### Recorded data:
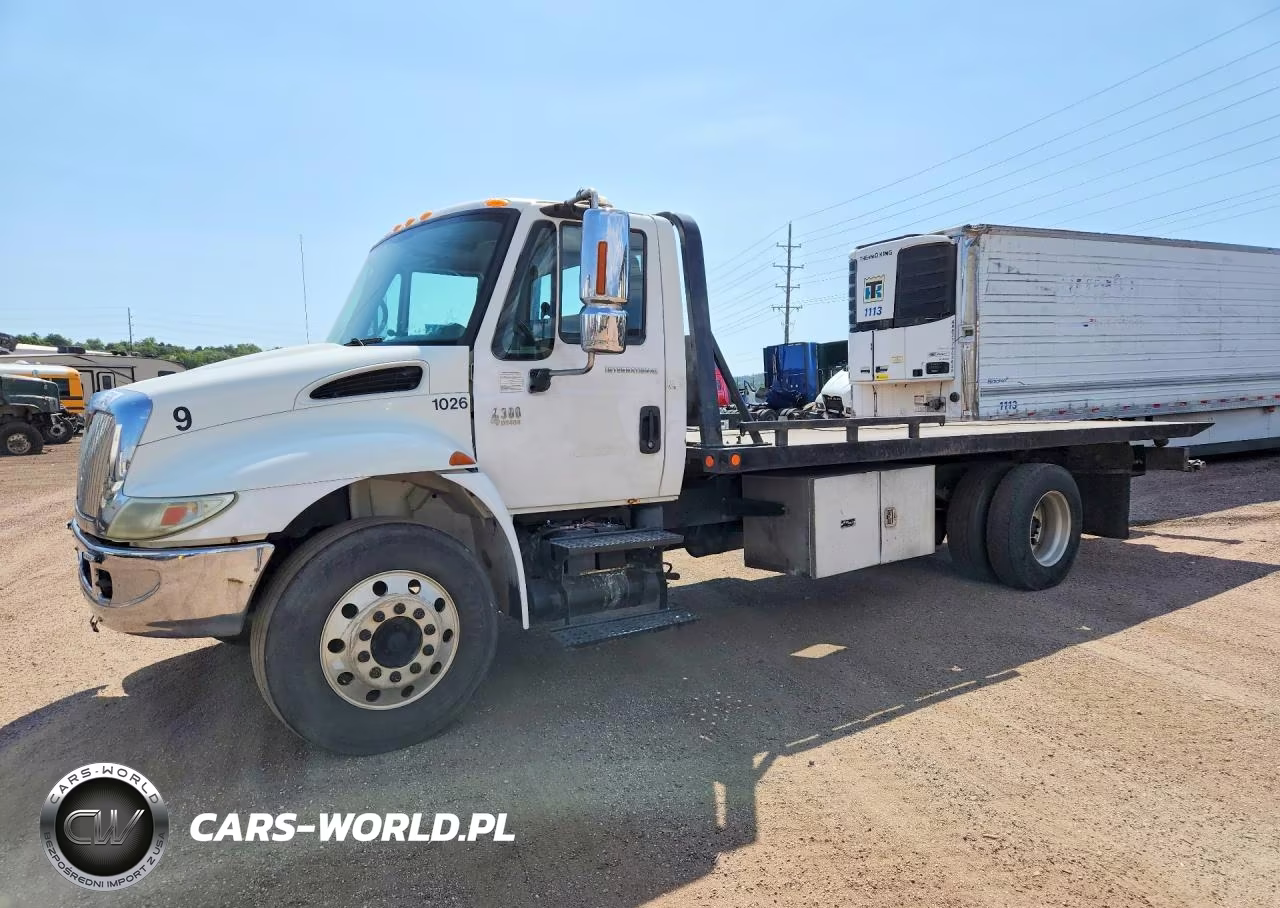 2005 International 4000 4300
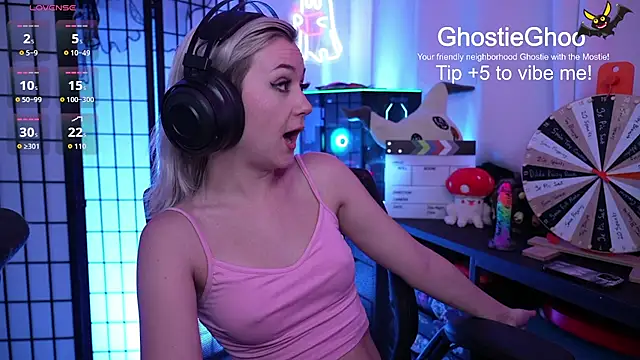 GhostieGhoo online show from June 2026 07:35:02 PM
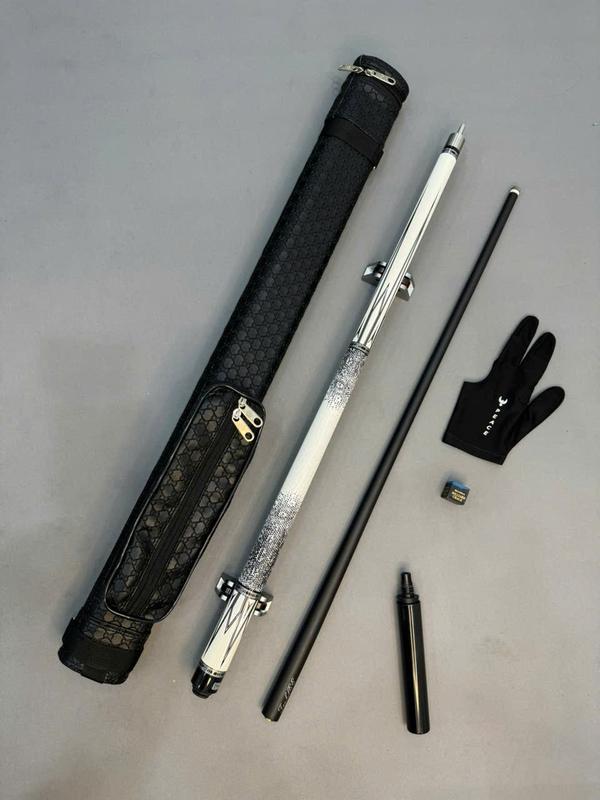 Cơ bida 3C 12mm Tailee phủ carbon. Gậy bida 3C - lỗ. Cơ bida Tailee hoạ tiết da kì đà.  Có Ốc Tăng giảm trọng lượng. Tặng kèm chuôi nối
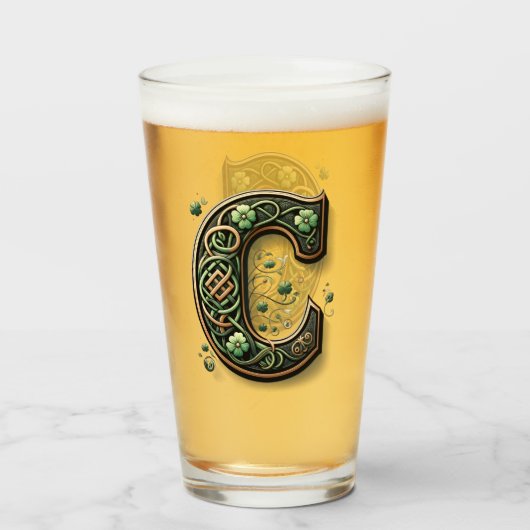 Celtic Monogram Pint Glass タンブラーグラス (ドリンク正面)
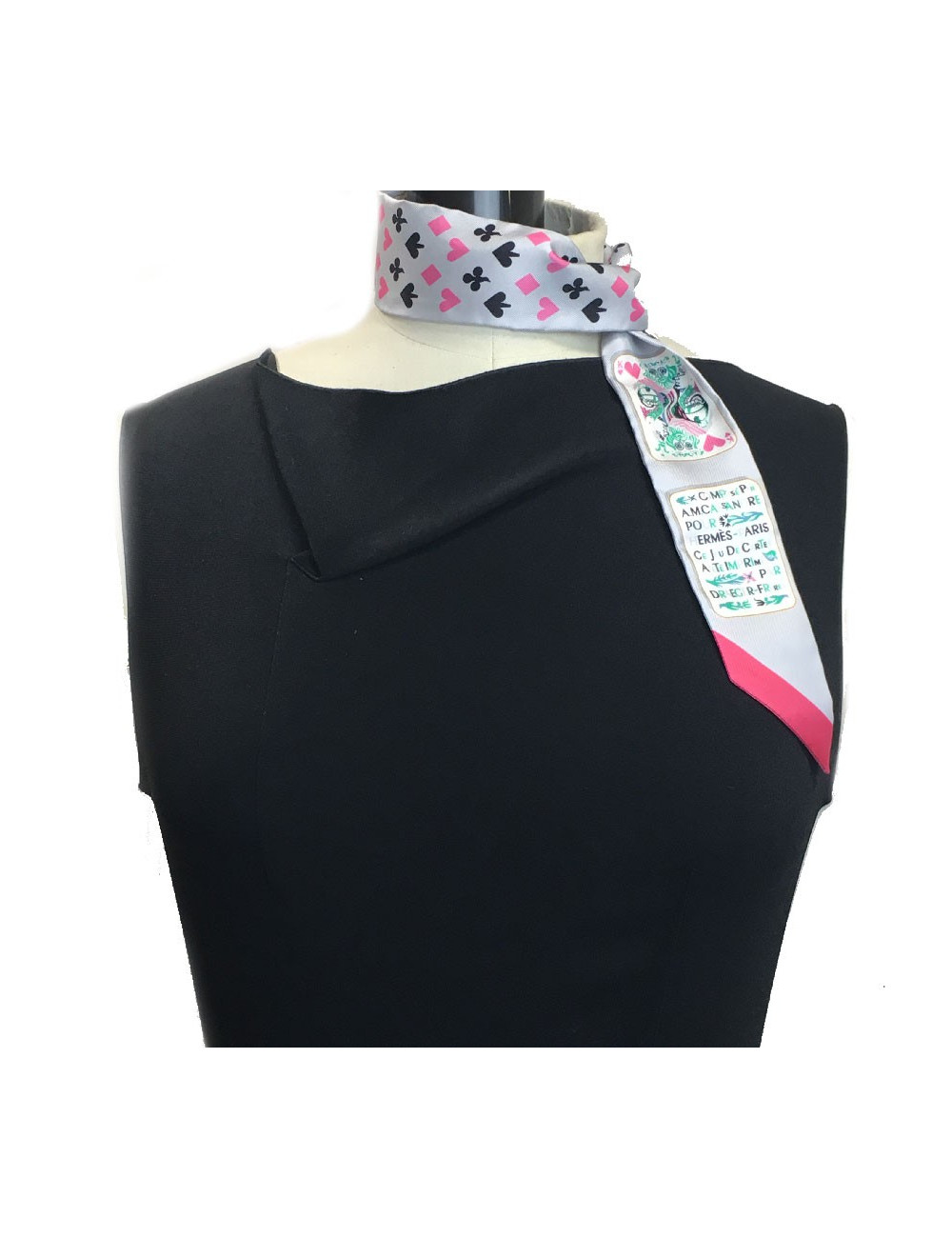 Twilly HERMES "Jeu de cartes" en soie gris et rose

### Problem:
With the images omitted, repeat all the data word for word.

### Task answer:
 2005 International 4000 4300
 GhostieGhoo online show from June 2026 07:35:02 PM
 Cơ bida 3C 12mm Tailee phủ carbon. Gậy bida 3C - lỗ. Cơ bida Tailee hoạ tiết da kì đà.  Có Ốc Tăng giảm trọng lượng. Tặng kèm chuôi nối
 Celtic Monogram Pint Glass タンブラーグラス (ドリンク正面)
 Twilly HERMES "Jeu de cartes" en soie gris et rose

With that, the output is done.